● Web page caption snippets
· · · · · · ·
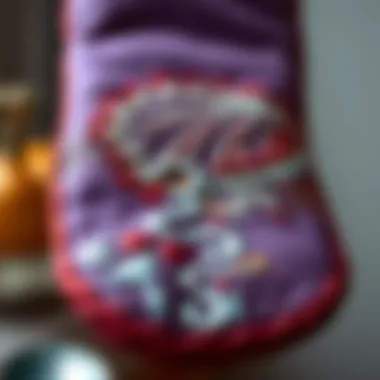 Close-up of an oven mitt with intricate embroidery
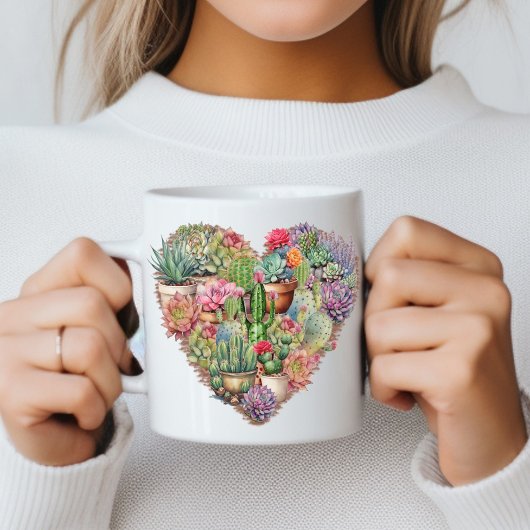 Mug Cactus En Forme Coeur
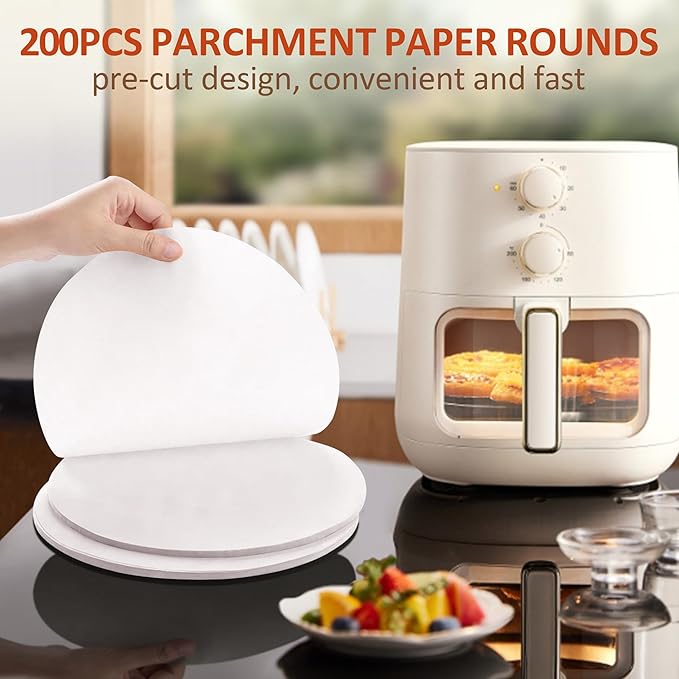 8 Inch Parchment Paper Rounds, 200Pcs Precut Baking Paper Sheets,Non-Stick Parchment Rounds for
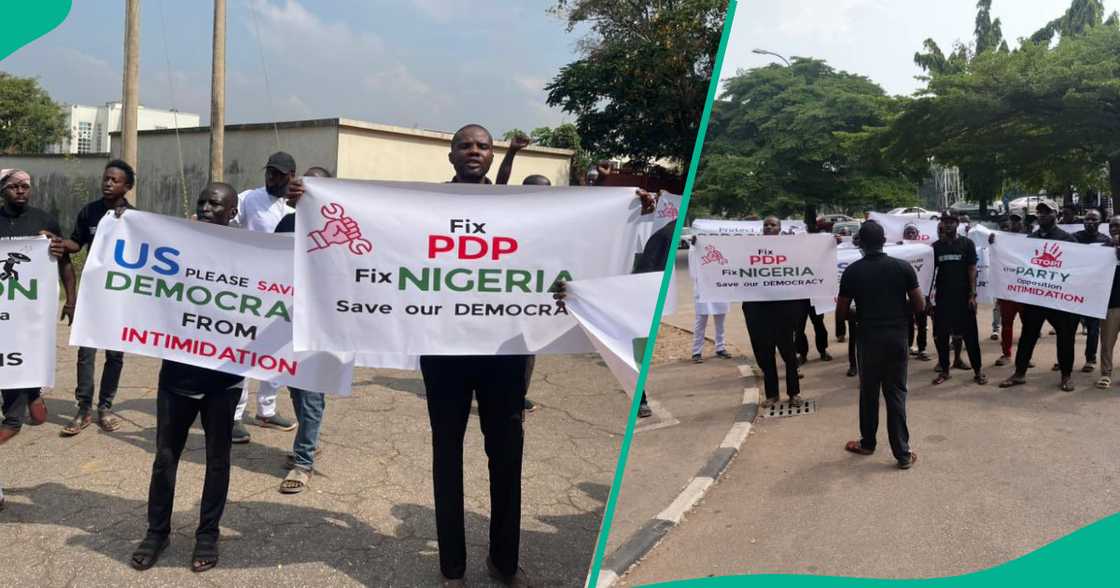 Yan PDP sun yi zanga-zanga a Abuja Yan PDP sun yi zanga-zanga a Abuja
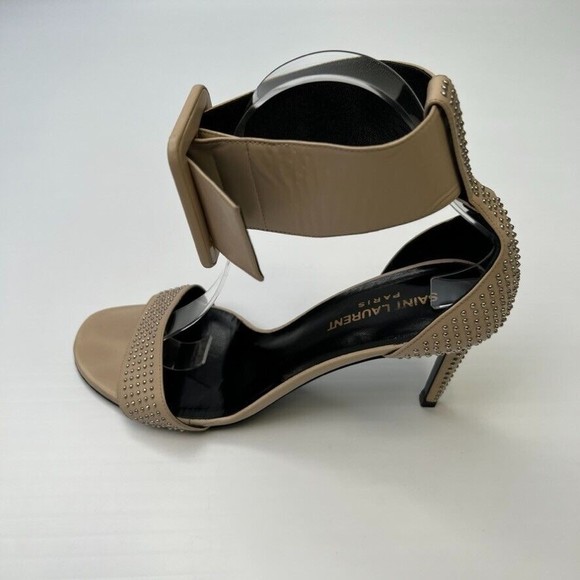Saint Laurent Shoe Women 8.5 Jane Ankle Strap Italy Studs Heel Party Core 38.5 - Picture 5 of 14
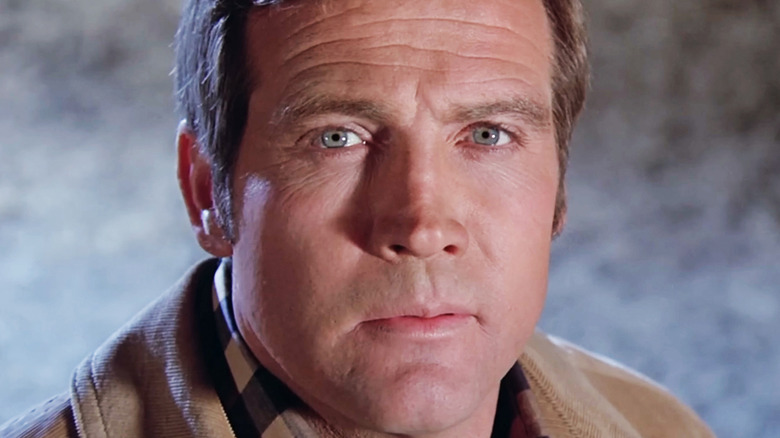 Lee Majors' Steve Austin is seen in closeup in The Six Million Dollar Man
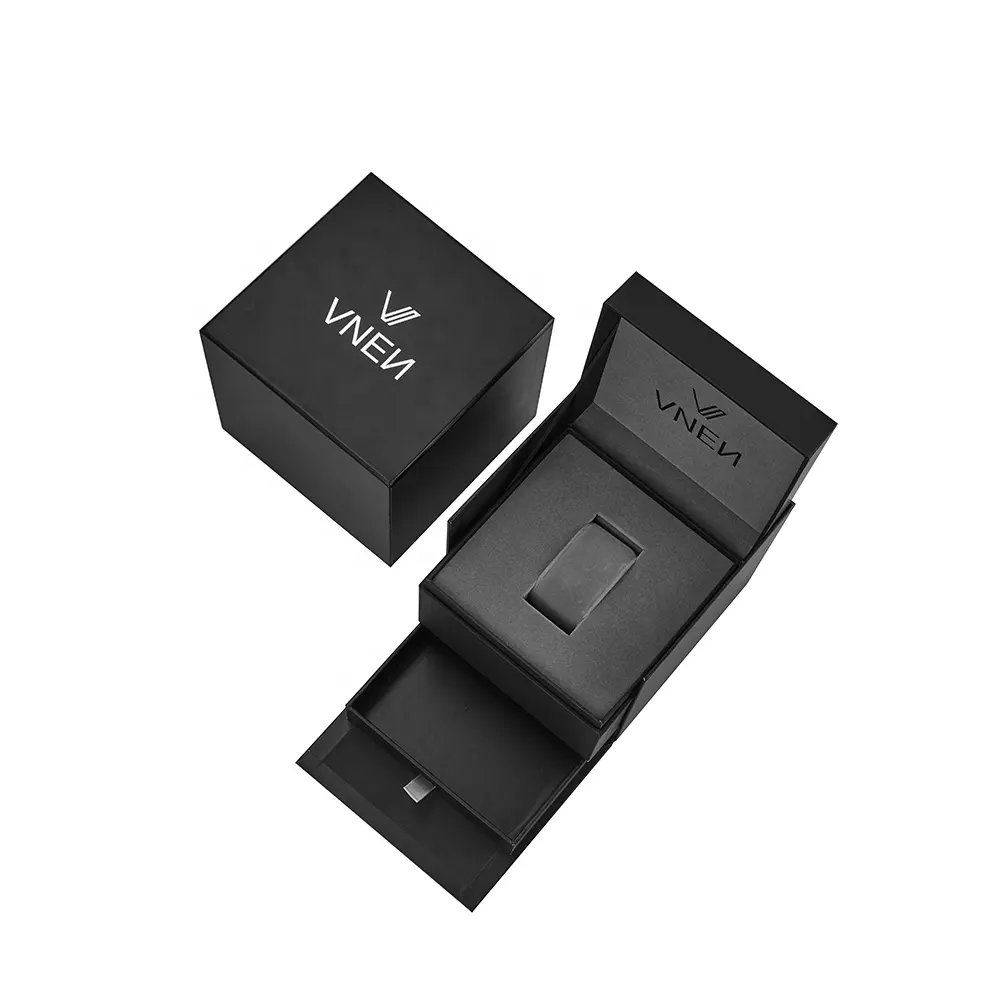 Kotak Jam Tangan Karton Tutup Berengsel Kertas Kulit Hitam Matte Mewah Premium dengan Logo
· · · · · · ·
● PROMPT
Although the records contain pictures, the copy should hold only their text, reproduced exactly.

● RESULT
 Close-up of an oven mitt with intricate embroidery
 Mug Cactus En Forme Coeur
 8 Inch Parchment Paper Rounds, 200Pcs Precut Baking Paper Sheets,Non-Stick Parchment Rounds for
 Yan PDP sun yi zanga-zanga a Abuja Yan PDP sun yi zanga-zanga a Abuja
Saint Laurent Shoe Women 8.5 Jane Ankle Strap Italy Studs Heel Party Core 38.5 - Picture 5 of 14
 Lee Majors' Steve Austin is seen in closeup in The Six Million Dollar Man
 Kotak Jam Tangan Karton Tutup Berengsel Kertas Kulit Hitam Matte Mewah Premium dengan Logo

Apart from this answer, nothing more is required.